Arctic cod embryos are also sensitive to temperature. Increasing sea surface temperatures will decrease the optimal thermal range for embryos. Their larvae must be in 3 °C to hatch normally, and a rise in ocean temperatures can easily lead to phenotypic changes of this cod species. Possible alterations of the species due to increasing ocean temperatures include, smaller size, reduced fecundity, earlier maturation, and increased investment in reproduction at an early age for some.

Arctic cod eggs are laid underneath sea ice, and as temperatures increase, sea ice cover will decrease.
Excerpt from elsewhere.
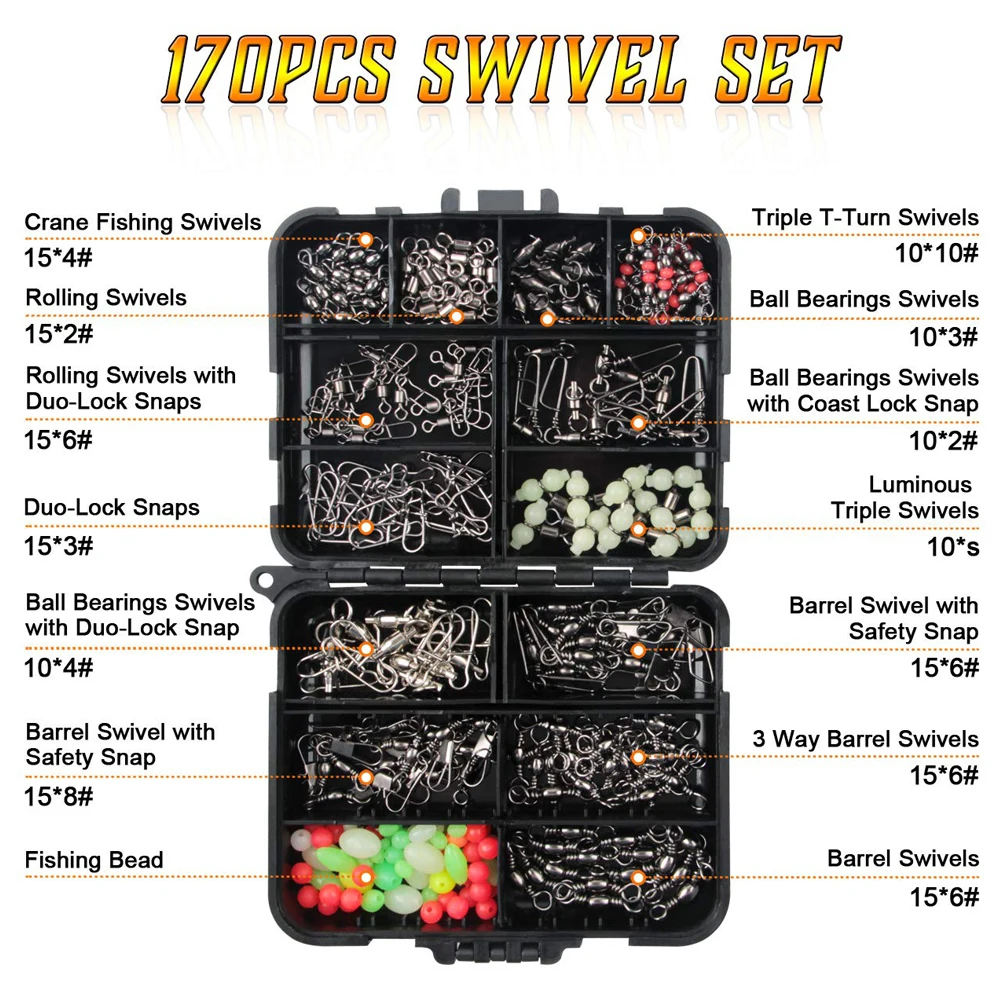 Kit de eslabones giratorios de pesca con rodamiento de bolas, barril giratorio, bloqueo Duo, Conector de línea de pesca a presión para lubina, 170 unids/lote por caja - imagen 4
Arctic cod eggs will be increasingly exposed to UV radiation, turbulence and temperature changes, which could affect mortality. Reduced sea ice will also decrease the amount of refuge habitat available for juveniles. Ice dwelling Arctic cod will be affected by the loss of habitat complexity and structures provided by established sea ice. If sea ice forms later in autumn, Arctic cod spawning times may shift, and spawning habitat will decrease.

Climate change will also affect the primary production and availability of Arctic cod prey. Climate models predict that ice algae populations will increase because of decreases in ice thickness, allowing more light for primary production. This change will be favorable for young Arctic cod, but inter-annual variability in primary production might lead to different long-term outcomes.

Less sea ice will lead to increased anthropogenic activities in the Arctic, especially commercial shipping. Experimental studies have shown that Arctic cod respond to noise pollution from moving shipping vessels by retreating to areas with lower noise levels. Arctic cod also tend to aggregate in the presence of vessel noise. Increased usage of shipping lanes through the Arctic will likely fragment habitat for Arctic cod. With shipping comes the possibility of oil spills, which will also affect Arctic cod as they lack glomeruli to filter out toxins from their blood.